Esta é a pergunta que produz a reação mais reveladora de todas.
Editora científica recusa originais com regularidade, e não tem constrangimento nenhum em dizer isso. Recusa trabalho fora do escopo, texto que ainda não passou por defesa, e obra cujo parecer aponta problema que o autor não quer corrigir.
Uma casa que nunca recusou nada não está avaliando. Está processando pedido.
Sobre os registros
4. O ISBN será registrado em nome de quem?
A pergunta mais importante das doze, e a que menos gente faz.
ISBN em nome da editora caracteriza publicação por editora. ISBN em nome do autor caracteriza autopublicação. As duas coisas são legítimas e existem por bons motivos, mas são lidas de formas diferentes quando uma banca avalia produção bibliográfica.
Se a resposta for evasiva, insista. É um dado objetivo, está impresso na página de créditos de qualquer livro, e a editora sabe a resposta.
5. A obra sai com ficha catalográfica? Quem elabora?
A ficha catalográfica é obrigatória em publicação monográfica no Brasil, conforme a Lei 10.753/03, e costuma ser elaborada por bibliotecário com base nas normas de catalogação.
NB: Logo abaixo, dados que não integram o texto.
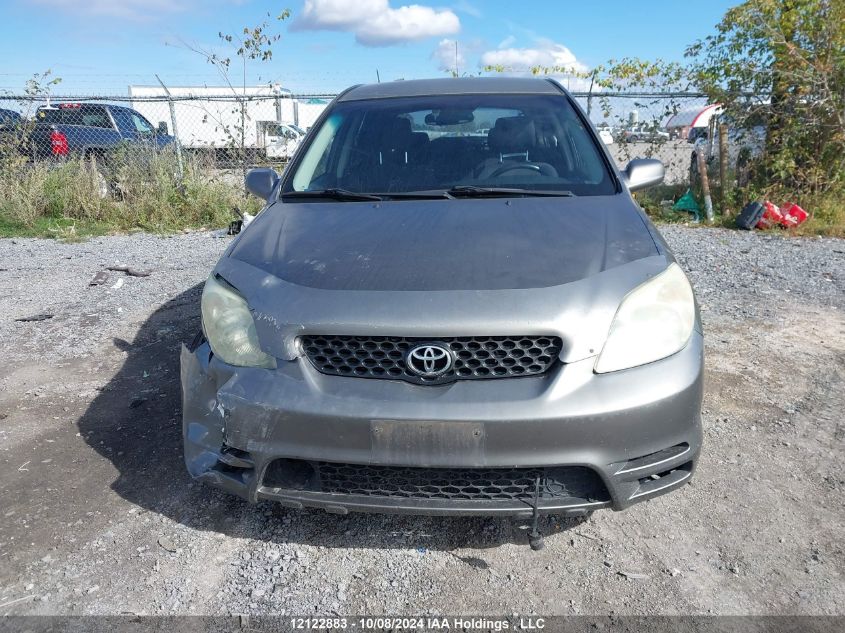 2004 Toyota Corolla Matrix Xr VIN: 2T1LR32E54C826934 Lot: 12122883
A ausência dela é o primeiro sinal que uma comissão de avaliação percebe. É um item pequeno, barato, e que pesa mais do que parece justamente porque denuncia processo editorial incompleto.
6. Haverá DOI? Por qual agência registradora?
O DOI não é obrigatório, e a ausência dele sozinha não desqualifica uma editora pequena. Mas a resposta diz algo sobre estrutura: manter vínculo com agência registradora é um custo recorrente que só quem trabalha com volume assume.
Se a resposta for positiva, vale perguntar qual a agência. Se for negativa, vale perguntar se existe plano de passar a oferecer.
Sobre prazo e processo
7. Qual o prazo, e a partir de que marco ele conta?
A segunda parte da pergunta é a que importa. Prazo contado da assinatura do contrato e prazo contado do envio do arquivo final são coisas completamente diferentes.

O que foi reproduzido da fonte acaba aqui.